■ TASK: Could you reproduce, word for word, everything below from the line containing "A Fantasy Warrior Cat" down to the line containing "ESQ8 midi controller", with both of those lines included and no others?

■ SUPPLIED MATERIAL:
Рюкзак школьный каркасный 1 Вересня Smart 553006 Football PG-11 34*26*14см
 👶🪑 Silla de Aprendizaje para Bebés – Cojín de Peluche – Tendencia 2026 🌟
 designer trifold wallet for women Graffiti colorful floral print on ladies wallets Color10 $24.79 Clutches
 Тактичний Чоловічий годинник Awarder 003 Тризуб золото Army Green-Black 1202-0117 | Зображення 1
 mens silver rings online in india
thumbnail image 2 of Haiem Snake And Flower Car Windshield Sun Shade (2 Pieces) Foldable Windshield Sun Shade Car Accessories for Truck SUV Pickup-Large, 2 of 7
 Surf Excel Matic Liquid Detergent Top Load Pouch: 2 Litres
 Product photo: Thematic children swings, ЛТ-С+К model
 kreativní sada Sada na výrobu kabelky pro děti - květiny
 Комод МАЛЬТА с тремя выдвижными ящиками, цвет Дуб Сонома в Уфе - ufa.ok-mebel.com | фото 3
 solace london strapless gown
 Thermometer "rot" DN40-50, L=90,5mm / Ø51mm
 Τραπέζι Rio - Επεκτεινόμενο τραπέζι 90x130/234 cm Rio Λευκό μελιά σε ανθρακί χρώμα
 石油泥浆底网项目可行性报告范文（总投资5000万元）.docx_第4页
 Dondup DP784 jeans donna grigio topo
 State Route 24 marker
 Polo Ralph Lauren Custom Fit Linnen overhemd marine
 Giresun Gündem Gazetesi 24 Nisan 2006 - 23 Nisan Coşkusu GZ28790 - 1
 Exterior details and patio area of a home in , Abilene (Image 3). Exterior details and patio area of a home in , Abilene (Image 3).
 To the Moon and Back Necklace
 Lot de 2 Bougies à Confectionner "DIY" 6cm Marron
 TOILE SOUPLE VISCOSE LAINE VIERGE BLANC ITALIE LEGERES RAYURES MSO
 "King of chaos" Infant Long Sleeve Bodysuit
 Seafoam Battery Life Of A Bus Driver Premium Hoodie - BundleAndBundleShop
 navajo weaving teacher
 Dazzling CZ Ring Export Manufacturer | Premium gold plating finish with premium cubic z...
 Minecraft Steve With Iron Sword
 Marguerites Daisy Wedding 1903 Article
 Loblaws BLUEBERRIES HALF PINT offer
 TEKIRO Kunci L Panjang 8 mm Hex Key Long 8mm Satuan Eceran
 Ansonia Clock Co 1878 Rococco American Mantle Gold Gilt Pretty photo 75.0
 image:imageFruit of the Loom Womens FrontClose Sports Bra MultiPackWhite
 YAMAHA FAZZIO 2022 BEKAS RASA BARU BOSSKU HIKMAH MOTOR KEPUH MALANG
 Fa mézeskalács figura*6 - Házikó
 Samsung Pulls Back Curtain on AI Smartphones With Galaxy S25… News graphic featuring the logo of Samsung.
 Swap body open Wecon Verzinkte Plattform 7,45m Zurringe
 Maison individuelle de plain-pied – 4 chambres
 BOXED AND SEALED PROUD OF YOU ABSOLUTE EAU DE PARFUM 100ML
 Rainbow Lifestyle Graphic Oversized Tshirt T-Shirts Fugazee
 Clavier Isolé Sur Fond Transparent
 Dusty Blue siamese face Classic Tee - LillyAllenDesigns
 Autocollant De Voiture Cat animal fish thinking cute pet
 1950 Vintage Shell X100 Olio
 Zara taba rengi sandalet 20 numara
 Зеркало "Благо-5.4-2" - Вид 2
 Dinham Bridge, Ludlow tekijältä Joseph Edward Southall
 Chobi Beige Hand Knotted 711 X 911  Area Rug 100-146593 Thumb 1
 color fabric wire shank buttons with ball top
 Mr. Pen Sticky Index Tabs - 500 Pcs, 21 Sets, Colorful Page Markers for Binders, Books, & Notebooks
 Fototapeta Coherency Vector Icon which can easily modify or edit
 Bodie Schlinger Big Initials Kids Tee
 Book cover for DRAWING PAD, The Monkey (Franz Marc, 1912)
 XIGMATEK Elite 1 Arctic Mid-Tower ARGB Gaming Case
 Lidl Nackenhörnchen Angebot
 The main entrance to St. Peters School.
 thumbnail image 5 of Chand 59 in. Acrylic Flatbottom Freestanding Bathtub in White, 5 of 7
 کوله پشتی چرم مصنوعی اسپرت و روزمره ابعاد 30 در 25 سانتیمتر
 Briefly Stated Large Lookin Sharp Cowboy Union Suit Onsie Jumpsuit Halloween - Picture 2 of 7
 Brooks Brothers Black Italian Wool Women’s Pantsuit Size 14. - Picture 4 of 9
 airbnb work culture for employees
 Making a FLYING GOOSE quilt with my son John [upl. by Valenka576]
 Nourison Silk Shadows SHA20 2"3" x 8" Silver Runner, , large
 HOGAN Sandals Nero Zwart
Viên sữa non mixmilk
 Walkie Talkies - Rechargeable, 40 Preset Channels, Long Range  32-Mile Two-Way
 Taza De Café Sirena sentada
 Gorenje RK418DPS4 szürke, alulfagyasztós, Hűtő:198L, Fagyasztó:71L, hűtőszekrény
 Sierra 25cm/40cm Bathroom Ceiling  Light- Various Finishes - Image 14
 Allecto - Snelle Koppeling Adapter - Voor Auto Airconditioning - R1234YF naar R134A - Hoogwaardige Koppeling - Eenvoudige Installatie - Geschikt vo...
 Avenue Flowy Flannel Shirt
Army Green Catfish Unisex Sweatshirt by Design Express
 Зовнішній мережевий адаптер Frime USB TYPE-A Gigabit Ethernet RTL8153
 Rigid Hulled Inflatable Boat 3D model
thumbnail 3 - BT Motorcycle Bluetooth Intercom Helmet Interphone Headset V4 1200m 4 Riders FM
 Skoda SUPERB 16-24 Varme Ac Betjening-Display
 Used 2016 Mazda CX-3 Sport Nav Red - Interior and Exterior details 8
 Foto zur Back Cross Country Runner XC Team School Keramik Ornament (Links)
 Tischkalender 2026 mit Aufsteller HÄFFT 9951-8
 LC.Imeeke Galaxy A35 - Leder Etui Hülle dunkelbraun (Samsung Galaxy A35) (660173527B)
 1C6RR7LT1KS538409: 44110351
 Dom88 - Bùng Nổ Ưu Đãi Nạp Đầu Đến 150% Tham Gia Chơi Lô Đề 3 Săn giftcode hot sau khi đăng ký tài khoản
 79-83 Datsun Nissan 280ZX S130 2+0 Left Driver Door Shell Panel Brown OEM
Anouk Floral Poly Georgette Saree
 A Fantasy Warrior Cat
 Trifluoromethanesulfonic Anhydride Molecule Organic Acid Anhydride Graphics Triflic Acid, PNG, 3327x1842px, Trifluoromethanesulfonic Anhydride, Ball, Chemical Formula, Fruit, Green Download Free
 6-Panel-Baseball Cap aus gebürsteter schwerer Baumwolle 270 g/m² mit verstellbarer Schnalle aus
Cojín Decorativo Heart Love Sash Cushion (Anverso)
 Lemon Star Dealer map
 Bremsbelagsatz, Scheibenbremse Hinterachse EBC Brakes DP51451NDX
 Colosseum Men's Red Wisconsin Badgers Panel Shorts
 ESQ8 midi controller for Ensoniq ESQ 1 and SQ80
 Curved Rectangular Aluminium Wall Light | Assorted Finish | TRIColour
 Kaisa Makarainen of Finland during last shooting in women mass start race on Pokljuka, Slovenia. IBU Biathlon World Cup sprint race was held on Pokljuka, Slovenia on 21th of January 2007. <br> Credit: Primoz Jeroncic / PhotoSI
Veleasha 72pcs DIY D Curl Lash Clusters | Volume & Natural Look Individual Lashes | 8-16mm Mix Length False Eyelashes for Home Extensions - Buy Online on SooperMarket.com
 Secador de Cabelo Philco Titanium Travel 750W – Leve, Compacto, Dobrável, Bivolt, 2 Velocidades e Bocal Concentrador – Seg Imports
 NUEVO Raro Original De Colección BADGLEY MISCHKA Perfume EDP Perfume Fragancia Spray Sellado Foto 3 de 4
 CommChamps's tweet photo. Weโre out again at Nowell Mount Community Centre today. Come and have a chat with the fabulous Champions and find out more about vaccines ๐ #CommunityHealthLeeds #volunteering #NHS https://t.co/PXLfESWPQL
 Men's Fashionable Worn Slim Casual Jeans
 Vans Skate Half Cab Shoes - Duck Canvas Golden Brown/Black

■ TASK SOLUTION:
 A Fantasy Warrior Cat
 Trifluoromethanesulfonic Anhydride Molecule Organic Acid Anhydride Graphics Triflic Acid, PNG, 3327x1842px, Trifluoromethanesulfonic Anhydride, Ball, Chemical Formula, Fruit, Green Download Free
 6-Panel-Baseball Cap aus gebürsteter schwerer Baumwolle 270 g/m² mit verstellbarer Schnalle aus
Cojín Decorativo Heart Love Sash Cushion (Anverso)
 Lemon Star Dealer map
 Bremsbelagsatz, Scheibenbremse Hinterachse EBC Brakes DP51451NDX
 Colosseum Men's Red Wisconsin Badgers Panel Shorts
 ESQ8 midi controller for Ensoniq ESQ 1 and SQ80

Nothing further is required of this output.